Attendees at the second annual summit were encouraged to hear 12 GSA commitment partners have already exceeded their pledges to increase study abroad on their campuses. However, while progress is continuing apace, many challenges still lie ahead.
Diversity was the lynchpin of many conversations at the conference: that universities and colleges have a responsibility not just to boost outgoing student numbers, but also to ensure those numbers reflect the diversity of the wider student population.
“There’s a recognition that the only way we’ll double the numbers is if we get a more diverse population of students to go abroad – we’re not going to double the numbers by getting the quote-unquote ‘traditional’ student abroad,” Andrew Gordon, president of Diversity Abroad, told The PIE News.
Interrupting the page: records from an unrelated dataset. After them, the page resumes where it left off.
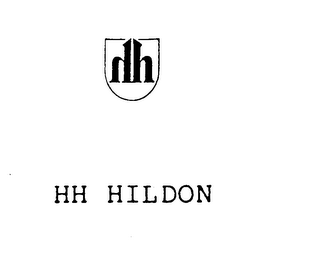 HH HILDON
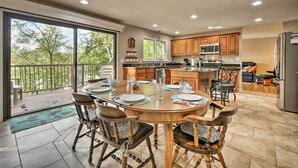 ハウス (5 Bedrooms) | 内装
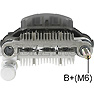 RM03HV Mobiletron Rectifier, alternator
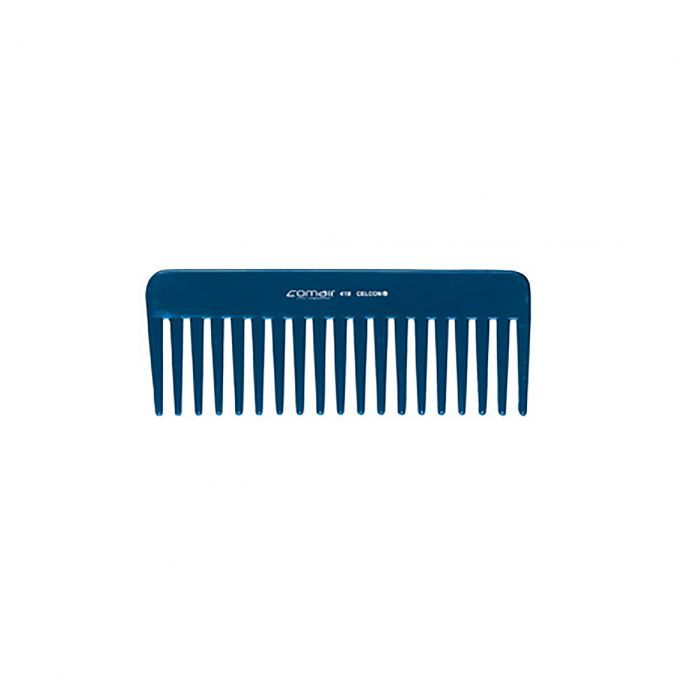 COMAIR Comb Profi Line Blue N°419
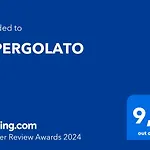 Il Pergolato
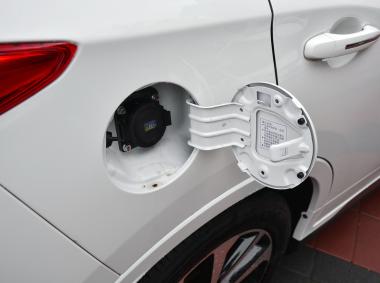 广汽三菱祺智EV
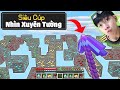 Cây Cúp Nhìn Xuyên Tường 😵 VINH THỬ THÁCH THEO BÌNH LUẬN CỦA FAN TRONG MINECRAFT (Phần 27)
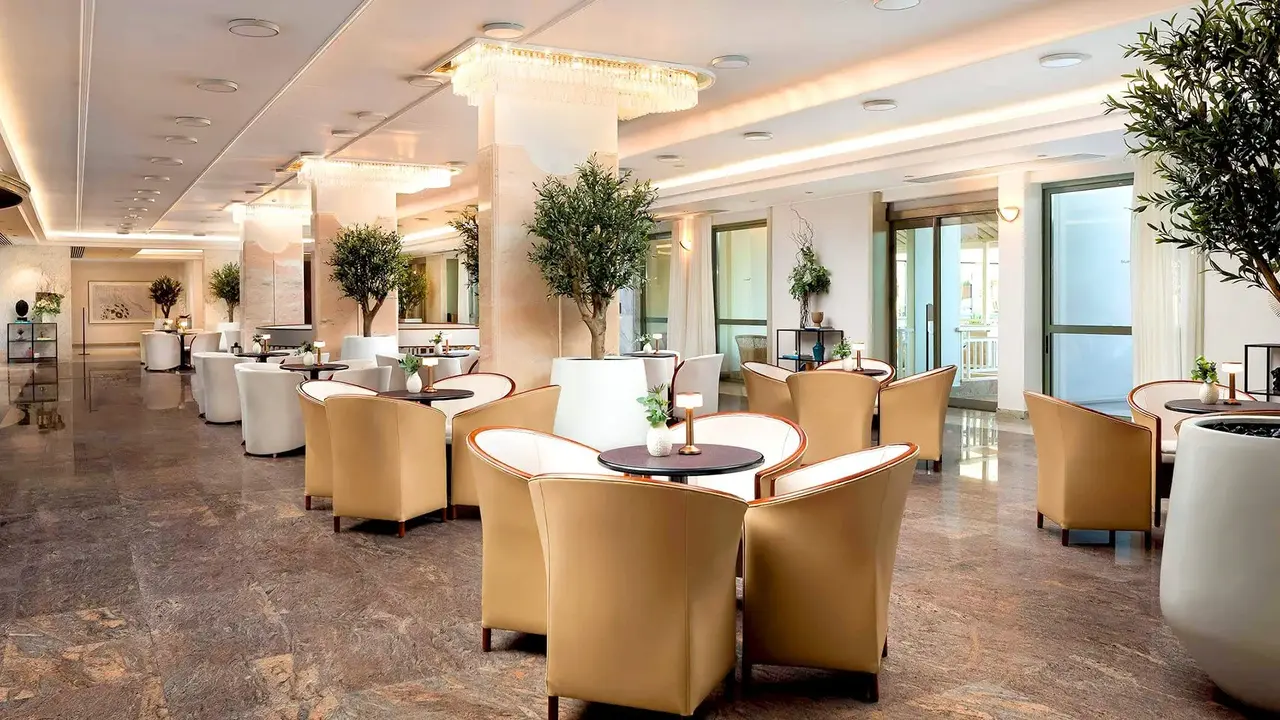 Bluesun Hotel Alga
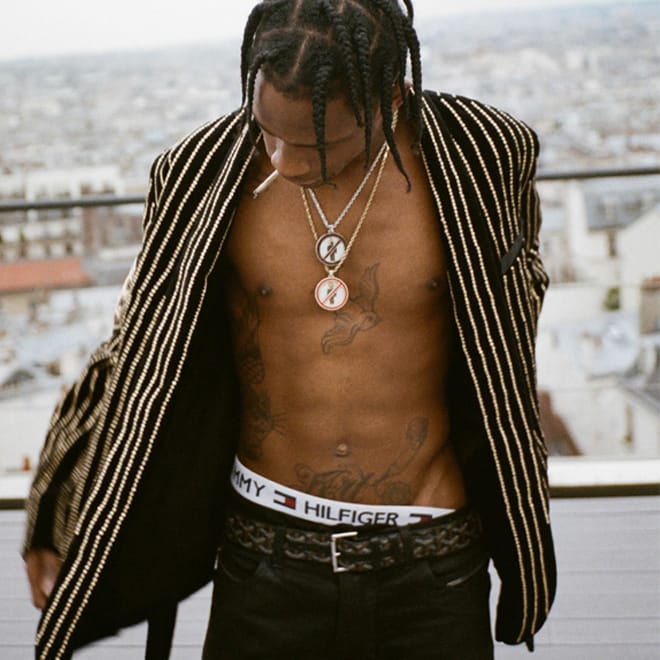 Could Travi$ Scott's 'Rodeo' Be Dropping This Week?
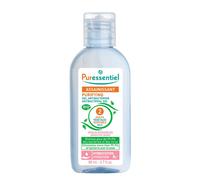 Puressentiel Gel Antibactérien Peaux Sensibles Bio 80ml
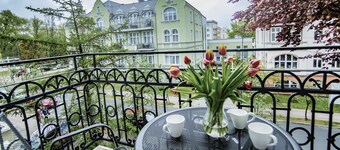 Baltic Apartments - Apartament Nemuna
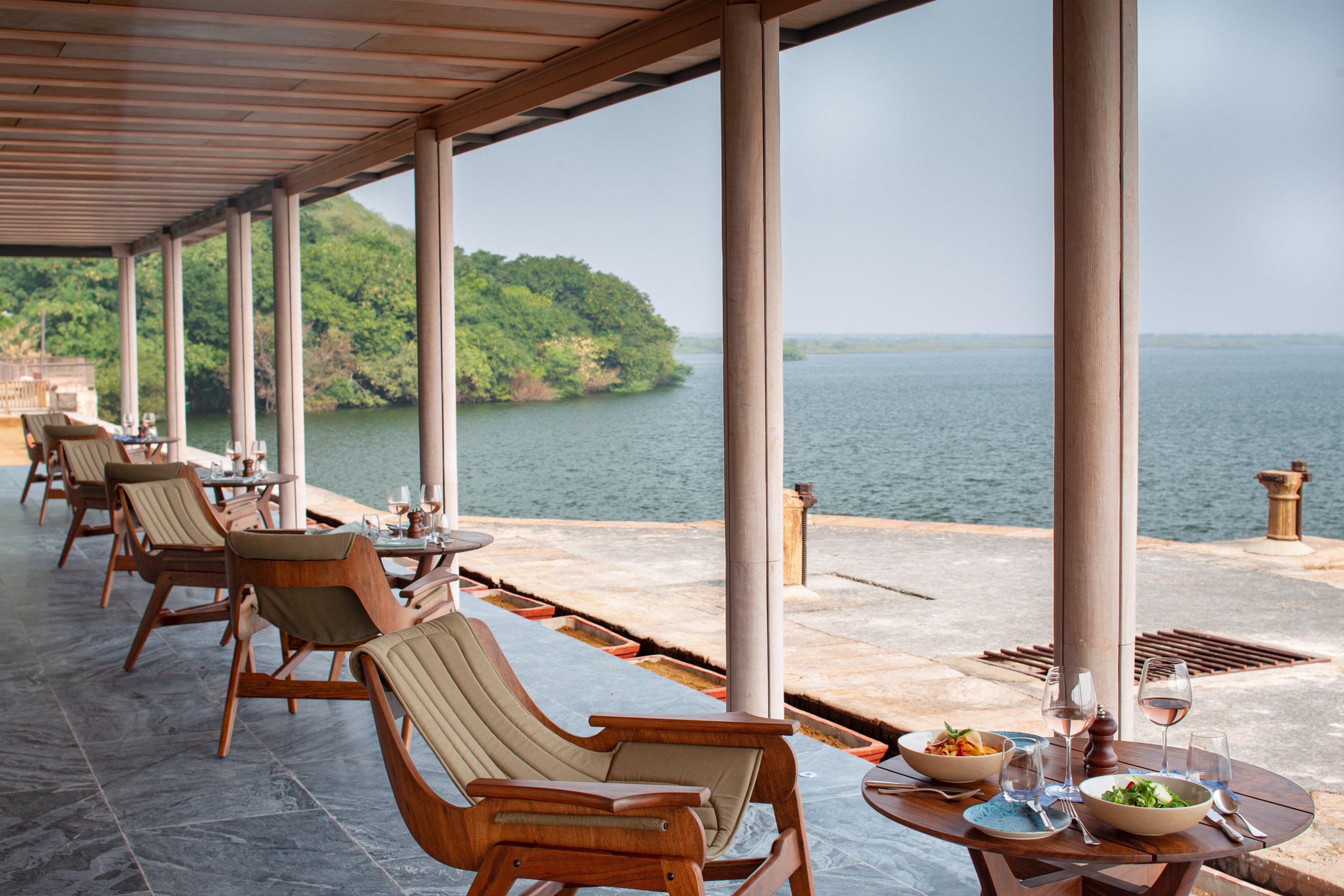 RAAS Chhatra Sagar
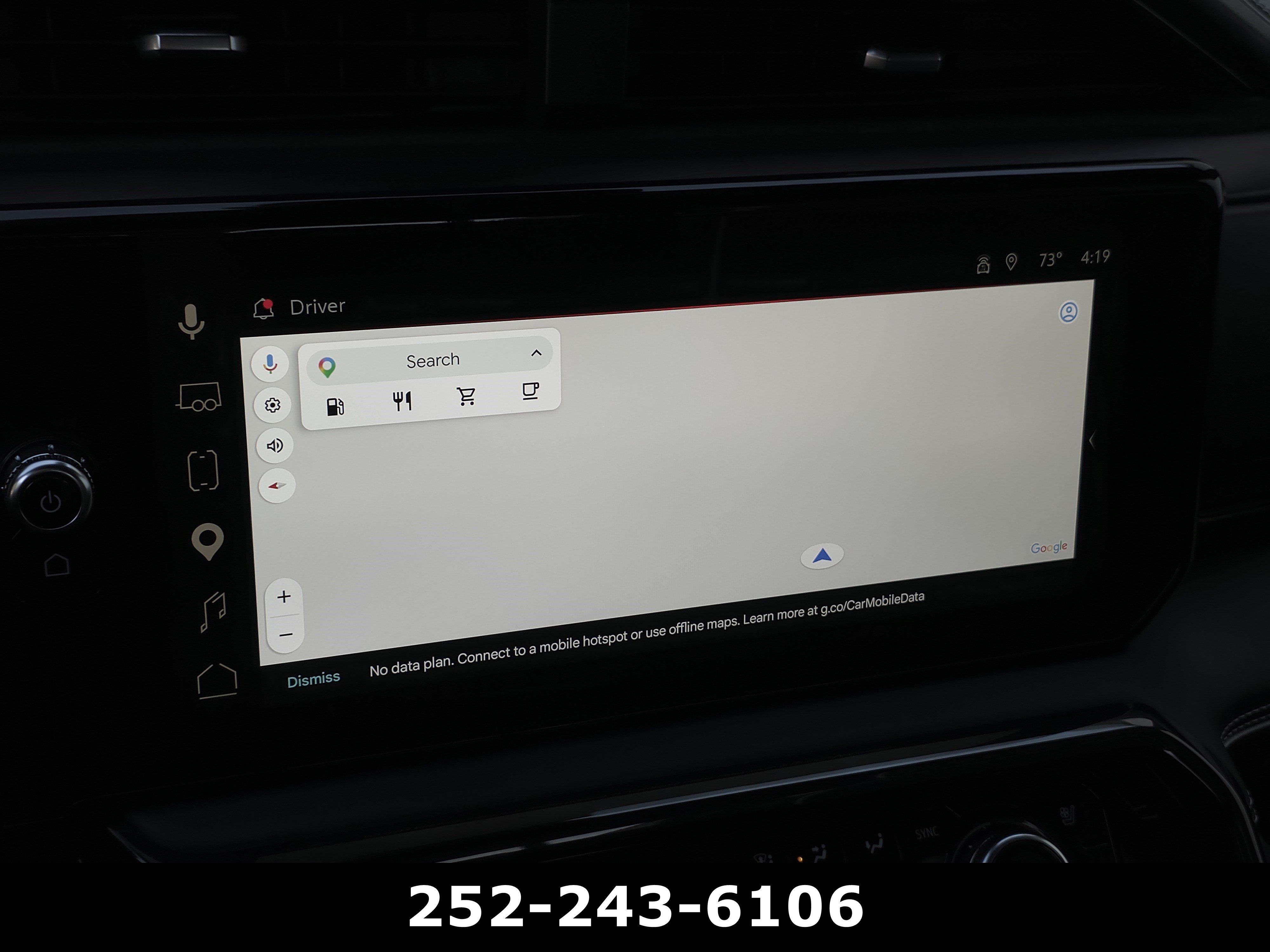 Used 2025 GMC Sierra 1500 AT4X w/ AT4X AEV Edition AWD/4WD image 19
Scholarships and grants play a key role in ensuring many underrepresented students, including those from less wealthy backgrounds and first-generation students, can study abroad. However, Gordon noted: “Funding is very important but funding is not the [only] answer.”
Targeted outreach and dedicating resources to consistent student support throughout students’ study abroad journey are also crucial, he said, while peer mentoring can also play a role. “We know that for students from diverse and underrepresented backgrounds that maybe haven’t had much international experience, there’s a different kind of support that’s going to be needed.”
There are many subject areas that are also underrepresented in study abroad, including STEM fields.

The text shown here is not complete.